"Come on baby girl, come on over."
This younger man had been following me through the hell hole of a city that had been named in old fashion: Survivor. Survivor was a fall out town on the edge of the desert.
I felt his hand on my wiry bicep, the dull dig of his dirty nails. The touch sent a chill of disgust snaking up my spine and I unintentionally flexed, giving him the wrong impression. After death, the virus, and the aftermath of both- everyone who walked the dark alone quickly learned to carry a knife. As do I. Soundless was my knife as I flicked it out and touched the tip to the young man's hand. Soundless, the tip of my knife drew a thin red line on his hand.
"I am not your baby girl. I am no-one's baby girl." I pinned the man to the collapsing brick wall of the alley, smoothly moving the blade to the man's neck, seeing the ever so faint pulse move around the edges of the metal. "Now what do ya got on ya?"
"P-Please, I only wanted a good time." The man quivered under my dagger, held perfectly in my left hand.
"That's funny, because i don't care. Now I believe I asked, what do ya got on ya?" I plunged my free hand into his pockets and found poker chips, a switch blade, and most importantly- blank cards.
After the virus, people are required to live in these cities and carry cards to prove they weren't infected. I am not infected, but I don't live in any city and therefore don't have a card assigned to me. Everyone needs a card to get into the inner city. This is why I was in the labyrinth of alley walls outside the city, not inside with the food and the warmth of a hearth on my skin.
I wasn't totally willing to kill the man though, I didn't hate him, and he had never actually done anything to me. Plus, I am not a fan of human males, so I couldn't help but scrutinize him. He is just a scavenger, like me. Although he wasn't looking for the same things I was. For me- I was looking for food and warmth and safety. He however was in search of young women for play things.
'Suppose we both found what we needed.
Wind and cold caressed my threadbare back and I shivered under the breath of the dying earth, knowing that it would get far colder before the daylight shone. I'd have to do something so this man wouldn't retaliate as I was soon to take what I wanted.
Sighing, I flipped my blade back upon itself and kneed the man hard in the stomach, taking a blank card and the switchblade. For good measure I snagged his fleece coat and went running toward the city, shoes sinking into the bone chilling sand.
My new coat was heavy and I wasn't accustom to the weight of it upon my back and the restricted movement of my torso and arms as I ran. This unbalance caused me to sprawl into the earth. Sand filled my mouth and hair but in a reflex I had shut my eyes as therefore they were safe. Spitting out the gritty matter, I scrapped my tongue clean with my nails and flipped the hood of my new coat up. The landscape around me put a dark damper on my spirits. The sky was black and pollution was covering the stars, like they had been since before my grandfather was born. But I cannot mourn the loss of something I'd never had. The colored sand around me glowed sickly with the shine of the murky moon. A faint clatter of bats could be heard in the dark as they flew to Survivor, the warm heart of humanity and life out here. I suppose I could have avoided Survivor all together and headed toward closer cities- like Stamina, or Determination, or Austere. But I knew that even though they were cities with better reputations that Survivor was the safest. This doubt floated through my being as cold bit at the end of my nose. I closed my light colored eyes and dared not fall asleep, praying to no-one that the infected were far away.
Sleep was quick and dangerous out of a city, and I couldn't afford it. And hunger would take me quicker than the infected would at the moment.

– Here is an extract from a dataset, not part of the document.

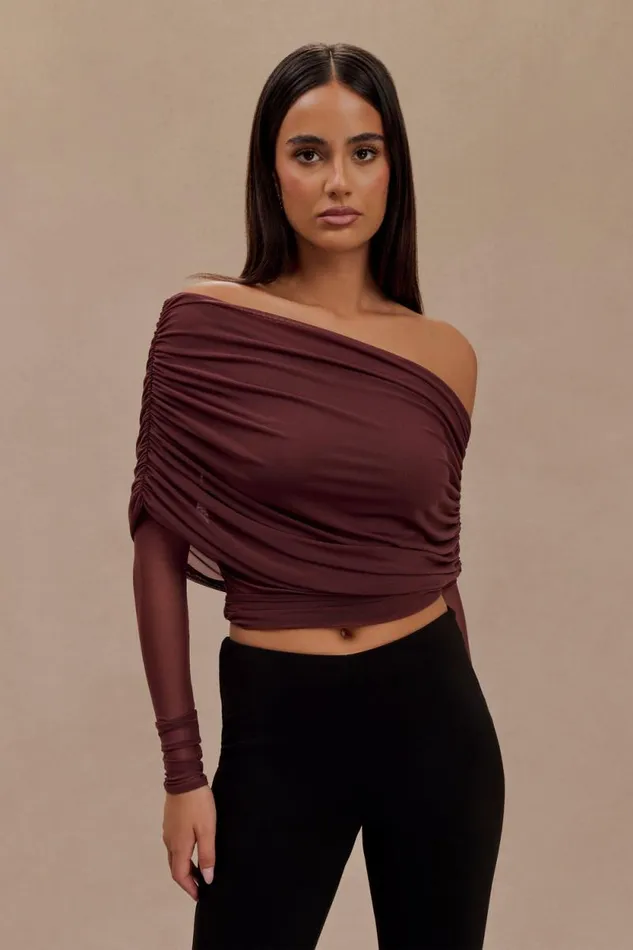 Women Meshki Tops Everly Sheer Mesh Off Shoulder Top 8211 Mahogany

But not tonight, tonight I heard a faint push of sand and an uncivilized soft squeal. It wasn't the infected, it was a rabbit. This was a chance of food that I could not afford to pass up at this juncture and I wasn't planning on letting it get away from me.
Slowly, oh so slowly, I drew my knife with my left hand from my sleeve. The rabbit didn't know I was here yet. Unluckily, the rabbit wasn't by one of the crumbling walls of the used-to-be labyrinth so I couldn't trap it. But I [i]needed[i] it. I couldn't entirely see it, just hear its steps and see its faint shadow. The knife left my left hand spinning, embedding itself in what I hoped was the rabbit.

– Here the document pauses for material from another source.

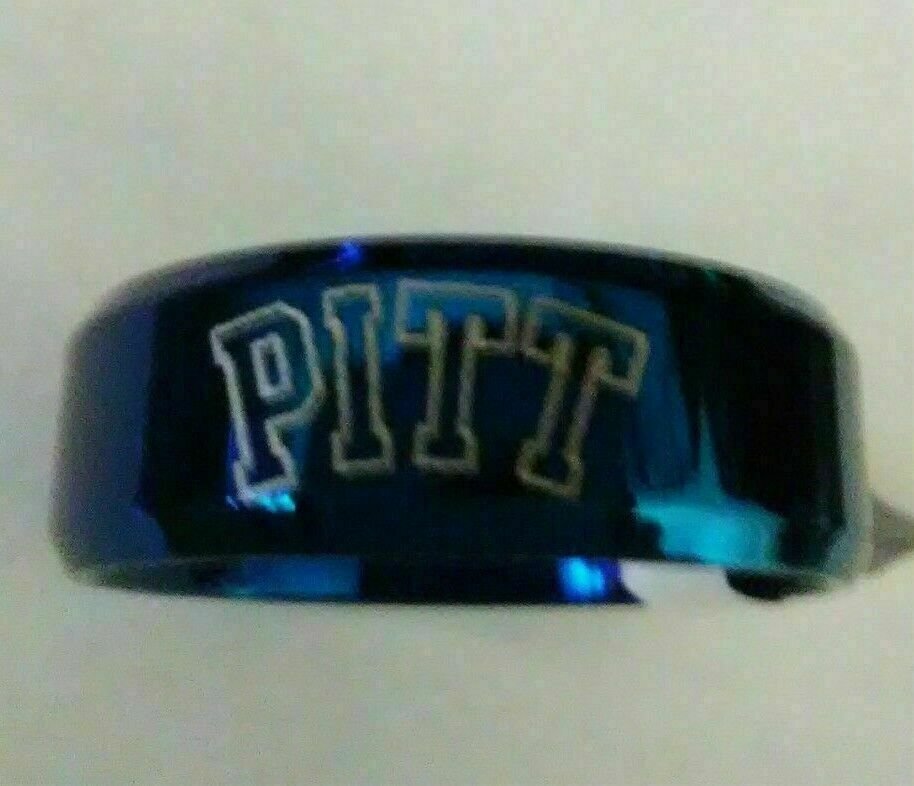 Pitt panthers & football card, titanium ring size 11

It was. But I had no fire. So reluctantly, after I skinned and somewhat dressed it, I ate the rabbit raw.
All people who wandered the night had to live in fear that the monsters we once made were surrounding us, were watching us move. Which is why I could not tempt myself fire starters, as the infected were out there and would be drawn to a fire like moths.
Is this what I've been subjected to?